HC Deb 25 October 1972 vol 843 cc1253-4 H.—(1) In its application outside Greater London, the Ordnance Survey Act 1841 (in this section referred to as "the 1841 Act") shall have effect subject to the following modifications. (2) An application under section 1 of the 1841 Act shall be sent to the proper officer of either a county council or a district council and, where such an application is made, the function of appointing a person to assist in examing, ascertaining and marking out reputed boundaries shall be exercisable by the council to whose proper officer the application was sent. (3) The newspapers in which copies of an application under section 1 of the 1841 Act are to be inserted shall be those circulating in the area of the council to whose proper officer the application was sent. (4) References, in whatever terms, in the 1841 Act—
  1. (a) to the justices by whom a person is appointed under section 1 of that Act shall be construed as references to the county council or the district council, as the case may require, and
  2. (b) to the clerk of the peace for a county shall be construed as references to the proper officer of the county council or the district council as the case may require.
(5) Without prejudice to section 15 of the 1841 Act (which among other things extends the meaning of the word "county" in that Act) references in that Act to a county include references to any local government area within the meaning of this Act.
Mr. Graham Page

I beg to move, That this House doth agree with the Lords in the said Amendment.

The Amendment deals with the composition of the Ordnance Survey. The Ordnance Survey Act, 1841, provides for all public boundaries to be ascertained for publication purposes by Ordnance Survey. Section 1 of the 1841 Act empowered justices in quarter sessions, on the application of the Ordnance Survey to the clerk of the peace, to appoint fit and proper persons as meresmen to ensure the adoption of the correct boundary. We learnt in the course of the Bill that there are such things as meresmen and that they are not mere men. They are the people appointed by the justices to measure the boundaries.

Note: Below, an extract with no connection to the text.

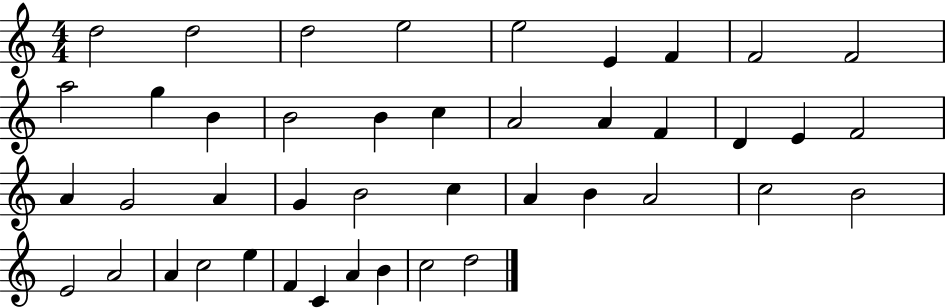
D5/h D5/h D5/h E5/h E5/h E4/q F4/q F4/h F4/h A5/h G5/q B4/q B4/h B4/q C5/q A4/h A4/q F4/q D4/q E4/q F4/h A4/q G4/h A4/q G4/q B4/h C5/q A4/q B4/q A4/h C5/h B4/h E4/h A4/h A4/q C5/h E5/q F4/q C4/q A4/q B4/q C5/h D5/h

As a result of the Courts Act, 1971, the function performed by the clerk of the peace was transferred to the clerk of the county council. Now that we shall not have clerks of county councils because there is no statutory obligation to appoint them we must adjust the provisions. We cannot have a county appointing meresmen for the districts, so this Amendment provides that the proper officer shall make the application for the appointment of these meresmen.

Subsection (4) provides that all references in the 1841 Act to justices appointing meresmen under Section 1 should be taken as references to the county or district council, as appropriate, and that references to the clerk of the peace for a county should be taken as references to the proper officer of the county or district council, as appropriate.

Question put and agreed to.

Subsequent Lords Amendment agreed to.